Ayrıca, öğretmenlerin toplumsal statüsünü güçlendirmek için yasal düzenlemelerin yapıldığını hatırlatan Cumhurbaşkanı, öğretmenlere verilen değerin milletin geleceğini doğrudan etkilediğini ifade etti. Öğretmenlere yönelik saldırıların bireysel eylem olarak değerlendirilemeyeceğini vurguladı ve bu tür saldırıların milletin geleceğine yönelik bir tehdit olduğunu söyledi.
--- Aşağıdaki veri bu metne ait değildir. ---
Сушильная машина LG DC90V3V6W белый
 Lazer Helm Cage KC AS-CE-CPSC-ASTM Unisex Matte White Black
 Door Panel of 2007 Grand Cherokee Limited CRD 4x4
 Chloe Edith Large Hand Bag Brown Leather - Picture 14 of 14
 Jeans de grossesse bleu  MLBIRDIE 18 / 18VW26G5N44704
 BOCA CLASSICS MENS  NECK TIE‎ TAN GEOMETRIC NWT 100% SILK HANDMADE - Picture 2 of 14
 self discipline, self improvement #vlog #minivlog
Son olarak, eğitimde yapılan reformların Türkiye’nin kalkınmasına katkısına değinerek, “Güçlü bir eğitim sistemi, güçlü bir gelecek inşa etmenin temelidir. Bu doğrultuda çalışmalarımızı kararlılıkla sürdüreceğiz,” diyerek konuşmasını tamamladı.